**Aim of the exercise**
Only lines holding the word "with" are wanted from the records; copy all of them.
■ ■ ■
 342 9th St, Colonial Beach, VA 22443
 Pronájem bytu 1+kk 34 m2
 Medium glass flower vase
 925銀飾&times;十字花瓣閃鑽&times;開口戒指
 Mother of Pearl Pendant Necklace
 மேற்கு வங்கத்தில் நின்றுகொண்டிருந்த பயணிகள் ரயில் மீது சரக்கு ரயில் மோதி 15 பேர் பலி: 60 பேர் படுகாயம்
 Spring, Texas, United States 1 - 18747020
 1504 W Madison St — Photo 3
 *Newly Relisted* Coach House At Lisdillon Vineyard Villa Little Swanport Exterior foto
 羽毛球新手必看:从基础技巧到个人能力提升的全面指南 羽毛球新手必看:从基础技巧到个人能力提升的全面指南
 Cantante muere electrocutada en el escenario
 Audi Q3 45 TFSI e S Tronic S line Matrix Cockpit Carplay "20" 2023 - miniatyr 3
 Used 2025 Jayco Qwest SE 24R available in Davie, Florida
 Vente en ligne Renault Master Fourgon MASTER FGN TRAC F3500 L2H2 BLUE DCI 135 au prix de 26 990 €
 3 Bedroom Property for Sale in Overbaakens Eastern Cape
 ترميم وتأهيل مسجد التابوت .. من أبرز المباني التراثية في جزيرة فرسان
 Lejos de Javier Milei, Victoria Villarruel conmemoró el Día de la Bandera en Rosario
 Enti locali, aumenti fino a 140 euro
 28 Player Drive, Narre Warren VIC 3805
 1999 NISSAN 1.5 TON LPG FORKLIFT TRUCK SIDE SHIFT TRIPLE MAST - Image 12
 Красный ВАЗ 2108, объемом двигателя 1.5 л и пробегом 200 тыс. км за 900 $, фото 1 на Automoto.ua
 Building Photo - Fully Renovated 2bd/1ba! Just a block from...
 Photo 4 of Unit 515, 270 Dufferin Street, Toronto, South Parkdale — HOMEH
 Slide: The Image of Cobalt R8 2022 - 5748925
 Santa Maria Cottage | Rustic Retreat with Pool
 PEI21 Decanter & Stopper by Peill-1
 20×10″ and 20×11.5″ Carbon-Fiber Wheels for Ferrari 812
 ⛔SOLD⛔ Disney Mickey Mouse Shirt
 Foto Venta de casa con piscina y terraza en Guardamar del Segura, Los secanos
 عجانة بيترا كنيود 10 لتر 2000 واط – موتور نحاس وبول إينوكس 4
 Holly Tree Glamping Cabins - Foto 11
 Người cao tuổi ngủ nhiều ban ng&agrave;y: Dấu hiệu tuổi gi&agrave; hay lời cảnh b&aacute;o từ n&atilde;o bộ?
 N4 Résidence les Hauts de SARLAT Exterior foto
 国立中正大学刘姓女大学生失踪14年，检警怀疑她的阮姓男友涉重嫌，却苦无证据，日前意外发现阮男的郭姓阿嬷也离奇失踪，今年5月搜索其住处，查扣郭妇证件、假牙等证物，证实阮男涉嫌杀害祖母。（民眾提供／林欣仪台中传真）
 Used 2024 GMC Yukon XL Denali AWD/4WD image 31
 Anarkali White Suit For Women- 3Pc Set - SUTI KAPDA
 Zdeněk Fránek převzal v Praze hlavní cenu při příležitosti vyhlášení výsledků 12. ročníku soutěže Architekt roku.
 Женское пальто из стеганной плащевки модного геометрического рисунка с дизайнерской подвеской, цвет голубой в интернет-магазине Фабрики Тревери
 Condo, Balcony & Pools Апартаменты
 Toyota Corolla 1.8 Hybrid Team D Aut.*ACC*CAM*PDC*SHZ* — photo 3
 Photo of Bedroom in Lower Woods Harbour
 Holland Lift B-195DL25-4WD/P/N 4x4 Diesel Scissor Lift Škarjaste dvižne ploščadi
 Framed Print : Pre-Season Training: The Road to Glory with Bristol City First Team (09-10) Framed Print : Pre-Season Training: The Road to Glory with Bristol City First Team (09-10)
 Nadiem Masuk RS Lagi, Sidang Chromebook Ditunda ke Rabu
■ ■ ■
**Your response**
 Santa Maria Cottage | Rustic Retreat with Pool
 Framed Print : Pre-Season Training: The Road to Glory with Bristol City First Team (09-10) Framed Print : Pre-Season Training: The Road to Glory with Bristol City First Team (09-10)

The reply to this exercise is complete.